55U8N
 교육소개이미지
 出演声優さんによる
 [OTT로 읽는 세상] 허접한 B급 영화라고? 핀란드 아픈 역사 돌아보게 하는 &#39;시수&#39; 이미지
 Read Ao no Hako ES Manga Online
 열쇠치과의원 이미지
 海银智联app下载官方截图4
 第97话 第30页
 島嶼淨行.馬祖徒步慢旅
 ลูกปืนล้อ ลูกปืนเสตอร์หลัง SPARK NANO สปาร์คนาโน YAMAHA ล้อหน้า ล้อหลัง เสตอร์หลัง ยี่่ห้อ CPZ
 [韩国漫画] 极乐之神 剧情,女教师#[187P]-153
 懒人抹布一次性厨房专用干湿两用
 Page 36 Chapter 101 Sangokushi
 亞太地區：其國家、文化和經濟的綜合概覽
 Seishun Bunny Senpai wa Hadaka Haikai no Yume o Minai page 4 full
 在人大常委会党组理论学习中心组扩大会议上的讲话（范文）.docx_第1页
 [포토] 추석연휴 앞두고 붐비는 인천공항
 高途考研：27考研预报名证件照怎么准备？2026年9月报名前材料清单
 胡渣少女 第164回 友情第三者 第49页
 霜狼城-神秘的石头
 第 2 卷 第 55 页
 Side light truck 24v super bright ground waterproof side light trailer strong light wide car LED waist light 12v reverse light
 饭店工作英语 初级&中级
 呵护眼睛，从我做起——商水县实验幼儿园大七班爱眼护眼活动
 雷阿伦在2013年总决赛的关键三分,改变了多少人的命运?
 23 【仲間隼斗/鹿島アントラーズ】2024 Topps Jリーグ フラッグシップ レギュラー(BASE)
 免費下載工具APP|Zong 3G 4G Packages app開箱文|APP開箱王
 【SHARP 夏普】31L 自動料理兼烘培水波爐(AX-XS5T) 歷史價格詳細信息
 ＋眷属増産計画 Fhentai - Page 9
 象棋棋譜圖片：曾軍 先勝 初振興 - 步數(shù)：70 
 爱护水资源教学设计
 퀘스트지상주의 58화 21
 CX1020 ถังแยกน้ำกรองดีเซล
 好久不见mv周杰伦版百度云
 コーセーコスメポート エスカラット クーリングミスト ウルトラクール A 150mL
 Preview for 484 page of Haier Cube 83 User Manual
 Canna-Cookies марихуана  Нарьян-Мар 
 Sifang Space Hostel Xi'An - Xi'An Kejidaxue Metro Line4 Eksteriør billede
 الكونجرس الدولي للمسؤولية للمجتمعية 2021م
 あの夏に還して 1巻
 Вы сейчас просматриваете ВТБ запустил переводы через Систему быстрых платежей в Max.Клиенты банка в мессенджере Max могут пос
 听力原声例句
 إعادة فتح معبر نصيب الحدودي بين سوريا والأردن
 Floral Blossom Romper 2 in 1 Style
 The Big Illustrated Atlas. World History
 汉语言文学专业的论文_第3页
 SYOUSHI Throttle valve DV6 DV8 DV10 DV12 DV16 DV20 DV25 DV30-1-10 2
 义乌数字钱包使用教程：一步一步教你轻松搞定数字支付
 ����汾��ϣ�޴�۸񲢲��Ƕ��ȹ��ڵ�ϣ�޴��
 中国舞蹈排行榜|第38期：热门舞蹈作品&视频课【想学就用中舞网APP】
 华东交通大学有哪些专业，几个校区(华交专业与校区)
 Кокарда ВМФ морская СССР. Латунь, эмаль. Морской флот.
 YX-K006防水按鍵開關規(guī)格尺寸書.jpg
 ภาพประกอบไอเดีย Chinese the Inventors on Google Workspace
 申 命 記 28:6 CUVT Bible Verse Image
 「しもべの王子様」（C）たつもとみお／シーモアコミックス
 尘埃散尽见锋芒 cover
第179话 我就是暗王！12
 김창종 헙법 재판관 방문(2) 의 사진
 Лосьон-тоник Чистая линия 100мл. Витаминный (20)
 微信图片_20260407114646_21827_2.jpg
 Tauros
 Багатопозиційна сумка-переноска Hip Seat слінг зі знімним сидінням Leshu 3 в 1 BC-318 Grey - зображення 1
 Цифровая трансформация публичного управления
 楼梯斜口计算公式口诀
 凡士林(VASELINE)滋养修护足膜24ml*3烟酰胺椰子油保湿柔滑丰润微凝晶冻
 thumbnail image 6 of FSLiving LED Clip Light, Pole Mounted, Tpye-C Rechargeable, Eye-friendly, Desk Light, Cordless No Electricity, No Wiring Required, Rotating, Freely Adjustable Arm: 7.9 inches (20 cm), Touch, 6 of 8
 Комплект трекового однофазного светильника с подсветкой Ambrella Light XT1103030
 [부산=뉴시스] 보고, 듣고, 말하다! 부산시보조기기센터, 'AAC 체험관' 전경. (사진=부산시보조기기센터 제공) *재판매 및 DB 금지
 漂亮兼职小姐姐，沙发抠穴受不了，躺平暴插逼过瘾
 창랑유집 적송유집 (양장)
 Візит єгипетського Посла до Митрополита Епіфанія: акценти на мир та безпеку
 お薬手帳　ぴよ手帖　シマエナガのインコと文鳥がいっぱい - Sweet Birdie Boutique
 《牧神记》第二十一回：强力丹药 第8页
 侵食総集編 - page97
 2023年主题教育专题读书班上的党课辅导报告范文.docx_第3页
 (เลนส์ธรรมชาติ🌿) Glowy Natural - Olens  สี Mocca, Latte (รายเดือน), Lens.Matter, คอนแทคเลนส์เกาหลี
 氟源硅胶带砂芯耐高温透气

Task prompt> Give back the entire listing, line for line, exactly as it stands.

Exercise output>
55U8N
 교육소개이미지
 出演声優さんによる
 [OTT로 읽는 세상] 허접한 B급 영화라고? 핀란드 아픈 역사 돌아보게 하는 &#39;시수&#39; 이미지
 Read Ao no Hako ES Manga Online
 열쇠치과의원 이미지
 海银智联app下载官方截图4
 第97话 第30页
 島嶼淨行.馬祖徒步慢旅
 ลูกปืนล้อ ลูกปืนเสตอร์หลัง SPARK NANO สปาร์คนาโน YAMAHA ล้อหน้า ล้อหลัง เสตอร์หลัง ยี่่ห้อ CPZ
 [韩国漫画] 极乐之神 剧情,女教师#[187P]-153
 懒人抹布一次性厨房专用干湿两用
 Page 36 Chapter 101 Sangokushi
 亞太地區：其國家、文化和經濟的綜合概覽
 Seishun Bunny Senpai wa Hadaka Haikai no Yume o Minai page 4 full
 在人大常委会党组理论学习中心组扩大会议上的讲话（范文）.docx_第1页
 [포토] 추석연휴 앞두고 붐비는 인천공항
 高途考研：27考研预报名证件照怎么准备？2026年9月报名前材料清单
 胡渣少女 第164回 友情第三者 第49页
 霜狼城-神秘的石头
 第 2 卷 第 55 页
 Side light truck 24v super bright ground waterproof side light trailer strong light wide car LED waist light 12v reverse light
 饭店工作英语 初级&中级
 呵护眼睛，从我做起——商水县实验幼儿园大七班爱眼护眼活动
 雷阿伦在2013年总决赛的关键三分,改变了多少人的命运?
 23 【仲間隼斗/鹿島アントラーズ】2024 Topps Jリーグ フラッグシップ レギュラー(BASE)
 免費下載工具APP|Zong 3G 4G Packages app開箱文|APP開箱王
 【SHARP 夏普】31L 自動料理兼烘培水波爐(AX-XS5T) 歷史價格詳細信息
 ＋眷属増産計画 Fhentai - Page 9
 象棋棋譜圖片：曾軍 先勝 初振興 - 步數(shù)：70 
 爱护水资源教学设计
 퀘스트지상주의 58화 21
 CX1020 ถังแยกน้ำกรองดีเซล
 好久不见mv周杰伦版百度云
 コーセーコスメポート エスカラット クーリングミスト ウルトラクール A 150mL
 Preview for 484 page of Haier Cube 83 User Manual
 Canna-Cookies марихуана  Нарьян-Мар 
 Sifang Space Hostel Xi'An - Xi'An Kejidaxue Metro Line4 Eksteriør billede
 الكونجرس الدولي للمسؤولية للمجتمعية 2021م
 あの夏に還して 1巻
 Вы сейчас просматриваете ВТБ запустил переводы через Систему быстрых платежей в Max.Клиенты банка в мессенджере Max могут пос
 听力原声例句
 إعادة فتح معبر نصيب الحدودي بين سوريا والأردن
 Floral Blossom Romper 2 in 1 Style
 The Big Illustrated Atlas. World History
 汉语言文学专业的论文_第3页
 SYOUSHI Throttle valve DV6 DV8 DV10 DV12 DV16 DV20 DV25 DV30-1-10 2
 义乌数字钱包使用教程：一步一步教你轻松搞定数字支付
 ����汾��ϣ�޴�۸񲢲��Ƕ��ȹ��ڵ�ϣ�޴��
 中国舞蹈排行榜|第38期：热门舞蹈作品&视频课【想学就用中舞网APP】
 华东交通大学有哪些专业，几个校区(华交专业与校区)
 Кокарда ВМФ морская СССР. Латунь, эмаль. Морской флот.
 YX-K006防水按鍵開關規(guī)格尺寸書.jpg
 ภาพประกอบไอเดีย Chinese the Inventors on Google Workspace
 申 命 記 28:6 CUVT Bible Verse Image
 「しもべの王子様」（C）たつもとみお／シーモアコミックス
 尘埃散尽见锋芒 cover
第179话 我就是暗王！12
 김창종 헙법 재판관 방문(2) 의 사진
 Лосьон-тоник Чистая линия 100мл. Витаминный (20)
 微信图片_20260407114646_21827_2.jpg
 Tauros
 Багатопозиційна сумка-переноска Hip Seat слінг зі знімним сидінням Leshu 3 в 1 BC-318 Grey - зображення 1
 Цифровая трансформация публичного управления
 楼梯斜口计算公式口诀
 凡士林(VASELINE)滋养修护足膜24ml*3烟酰胺椰子油保湿柔滑丰润微凝晶冻
 thumbnail image 6 of FSLiving LED Clip Light, Pole Mounted, Tpye-C Rechargeable, Eye-friendly, Desk Light, Cordless No Electricity, No Wiring Required, Rotating, Freely Adjustable Arm: 7.9 inches (20 cm), Touch, 6 of 8
 Комплект трекового однофазного светильника с подсветкой Ambrella Light XT1103030
 [부산=뉴시스] 보고, 듣고, 말하다! 부산시보조기기센터, 'AAC 체험관' 전경. (사진=부산시보조기기센터 제공) *재판매 및 DB 금지
 漂亮兼职小姐姐，沙发抠穴受不了，躺平暴插逼过瘾
 창랑유집 적송유집 (양장)
 Візит єгипетського Посла до Митрополита Епіфанія: акценти на мир та безпеку
 お薬手帳　ぴよ手帖　シマエナガのインコと文鳥がいっぱい - Sweet Birdie Boutique
 《牧神记》第二十一回：强力丹药 第8页
 侵食総集編 - page97
 2023年主题教育专题读书班上的党课辅导报告范文.docx_第3页
 (เลนส์ธรรมชาติ🌿) Glowy Natural - Olens  สี Mocca, Latte (รายเดือน), Lens.Matter, คอนแทคเลนส์เกาหลี
 氟源硅胶带砂芯耐高温透气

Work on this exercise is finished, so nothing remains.